At the level of the jaw, it splits to enclose the submandibular gland, with the upper leaflet inserting on the mylohyoid line just inferior to mylohyoid and the inferior leaflet inserting onto the lower margin of the jaw. The posterior portion of the upper leaflet helps separate the parotid gland from the submandibular gland where the mylohyoid is deficient while the posterior border is thickened into a strong band extending between the angle of the jaw and the temporal styloid process, forming the stylomandibular ligament. It is complemented by the pterygospinous ligament, which stretches from the upper part of the posterior border of the lateral pterygoid plate to the spinous process of the sphenoid. It occasionally ossifies, and in such cases, between its upper border and the base of the skull, a foramen is formed which transmits the branches of the mandibular nerve to the muscles of mastication.

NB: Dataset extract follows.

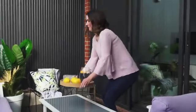A large outdoor rug can anchor the space, and it's great to have a coffee table or some side tables where you can rest a cold drink.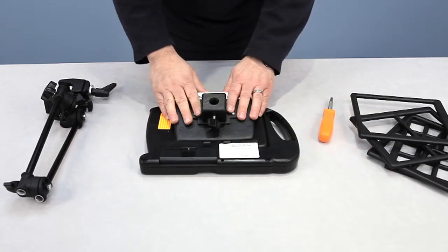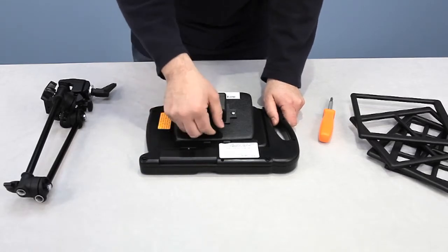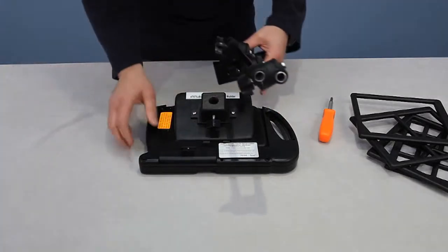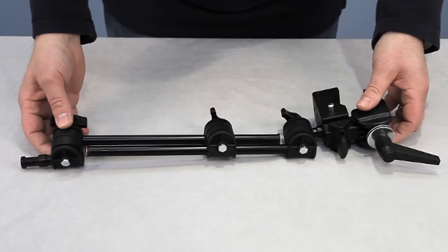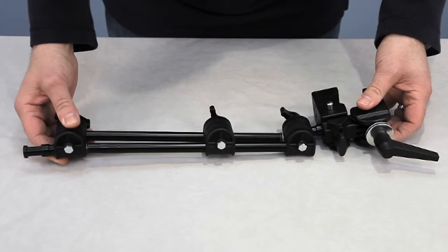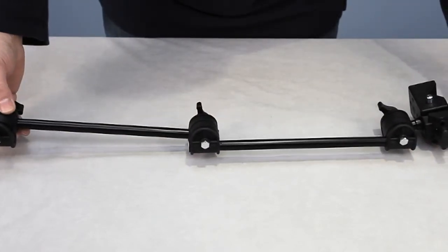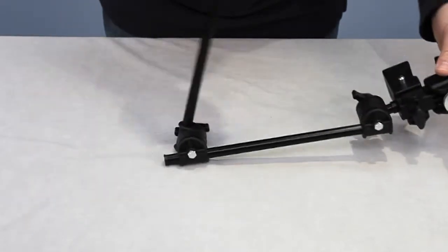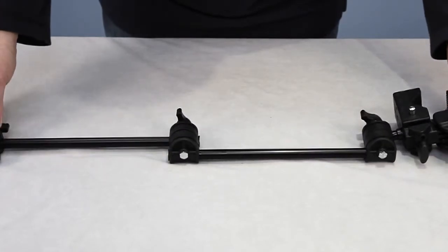Now that we have the mounting bracket in place on the back of the unit, this is your set knob, which locks into your mounting arm. This mounting arm is our light-duty magic arm, and it'll extend down as low as about 12 to 12½ inches, and it'll extend out to 24 inches. You have full adjustability — you can swivel and pivot this in almost any orientation.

==Inferior extent of the investing fascia==
Below, the fascia is attached to the thoracic outlet (acromion, clavicle, and manubrium). In doing so, it bifurcates into two layers, superficial and deep.

The former is attached to the anterior border of the manubrium, the latter to its posterior border and to the interclavicular ligament.

Between these two layers is a slit-like interval, the suprasternal space (space of Burns); it contains a small quantity of areolar tissue, the lower portions of the anterior jugular veins and their transverse connecting branch, the sternal heads of the sternocleidomastoid, and sometimes a lymph gland.

==Deeper fascial layers==
The fascia which lines the deep surface of the sternocleidomastoideus gives off the following processes:
- A process envelops the tendon at the omohyoideus, and binds it down to the sternum and first costal cartilage.
- A strong sheath, the carotid sheath, encloses the carotid artery, internal jugular vein, and vagus nerve.
- The prevertebral fascia extends medialward behind the carotid vessels, where it assists in forming their sheath, and passes in front of the prevertebral muscles.
- The pretracheal fascia extends medially in front of the carotid vessels, and assists in forming the carotid sheath.